Rachelle: I have discovered that medieval headgear is really heavy!
Rachelle: What have you learned in the bat cave besides the fact that Michael Keaton was not the original Batman?
Rachelle: And beside the fact that you’re old.
Rachelle: Bats eat mice like you eat meatballs.
Rachelle: Pickle, I am glad that you can still learn new things.
Rachelle: Sorry?
Rachelle: Why don’t you want Jones in the tepee?
Rachelle: Cultural appropriation?
Rachelle: No, I don’t hate my First Nation’s brothers and sisters.

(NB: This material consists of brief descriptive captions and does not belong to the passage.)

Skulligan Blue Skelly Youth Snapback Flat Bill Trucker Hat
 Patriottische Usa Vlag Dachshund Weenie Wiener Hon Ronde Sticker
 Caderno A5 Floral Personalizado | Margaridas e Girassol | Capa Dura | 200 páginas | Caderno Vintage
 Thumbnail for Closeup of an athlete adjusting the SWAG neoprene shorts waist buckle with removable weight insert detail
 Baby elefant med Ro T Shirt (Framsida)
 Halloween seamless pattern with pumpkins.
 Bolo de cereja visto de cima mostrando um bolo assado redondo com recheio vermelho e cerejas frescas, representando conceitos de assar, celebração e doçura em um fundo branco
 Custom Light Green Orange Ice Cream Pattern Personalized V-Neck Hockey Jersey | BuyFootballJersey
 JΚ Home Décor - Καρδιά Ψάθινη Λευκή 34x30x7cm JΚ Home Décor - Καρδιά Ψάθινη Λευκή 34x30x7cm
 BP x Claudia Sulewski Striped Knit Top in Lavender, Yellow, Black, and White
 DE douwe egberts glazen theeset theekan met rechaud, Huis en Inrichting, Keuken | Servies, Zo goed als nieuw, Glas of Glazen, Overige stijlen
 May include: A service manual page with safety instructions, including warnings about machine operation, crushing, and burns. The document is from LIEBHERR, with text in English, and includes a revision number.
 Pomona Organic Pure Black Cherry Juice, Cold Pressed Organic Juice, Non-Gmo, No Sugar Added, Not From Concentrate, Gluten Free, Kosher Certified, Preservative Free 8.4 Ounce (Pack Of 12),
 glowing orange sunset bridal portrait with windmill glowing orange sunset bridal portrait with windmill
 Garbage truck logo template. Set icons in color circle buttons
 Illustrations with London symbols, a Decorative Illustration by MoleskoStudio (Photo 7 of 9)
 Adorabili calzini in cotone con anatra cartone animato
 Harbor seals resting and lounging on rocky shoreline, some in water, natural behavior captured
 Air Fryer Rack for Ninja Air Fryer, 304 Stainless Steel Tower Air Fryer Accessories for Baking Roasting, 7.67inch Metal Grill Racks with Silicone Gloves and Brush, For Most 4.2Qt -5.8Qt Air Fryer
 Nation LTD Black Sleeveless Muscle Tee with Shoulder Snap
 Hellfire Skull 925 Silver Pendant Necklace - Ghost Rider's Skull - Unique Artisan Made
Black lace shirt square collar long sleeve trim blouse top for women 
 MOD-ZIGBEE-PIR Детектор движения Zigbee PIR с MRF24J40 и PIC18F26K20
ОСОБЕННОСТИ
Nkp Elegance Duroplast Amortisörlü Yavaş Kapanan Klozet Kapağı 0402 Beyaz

Rachelle: The tepee was just a nice, quiet spot for Jones to sit and colour for a bit, that’s all.
Rachelle: I mean, it is expressly there for the kid’s to use!
Rachelle: You don’t know what the Great Spirit wanted! Perhaps that’s exactly what the Great Spirit wished for!
Rachelle: Lord, you have to spend less time on Twitter.
Rachelle: I swear, people should have to take a test before they get on that thing–like kids having to be a certain height before going on a ride.
Rachelle: I’m sorry Pickle, but you’re just too suggestible.
Rachelle: Last week you were insisting the Russians were cyborgs.
Rachelle: Regardless, it’s not a “cultural appropriation” tepee, but more of a “spirit guide” tepee.
Rachelle: I had a vision when I was in there.
Rachelle: Of Justin Trudeau.
Rachelle: He was dressed in his tepee denims and smelled of pine needles.
Rachelle: Shirt?
Rachelle: No, just the jean jacket.
Rachelle: Yes, unbuttoned.
Rachelle: I know. Yes, you and some other kids beat him up in grade school.
Rachelle: You know, that’s probably something you shouldn’t be so proud of.
Rachelle: No, you couldn’t.
Rachelle: No, you simply could not do a plank– no matter how much you trained or hard you tried.
Rachelle: It’s like the 20th meatball for you, a bridge you shall never cross.
Rachelle: Oh, no!
Rachelle: He didn’t speak at all, he just smiled at me, and when he did I knew that everything was going to be fine. Sunny ways everywhere!
Rachelle: Oh! I think I see you Pickle!
Rachelle: Do you see us?
Rachelle: Look! Jones has a dinosaur he wants to show you! He’s running to you now, our little sunny way is running right to you!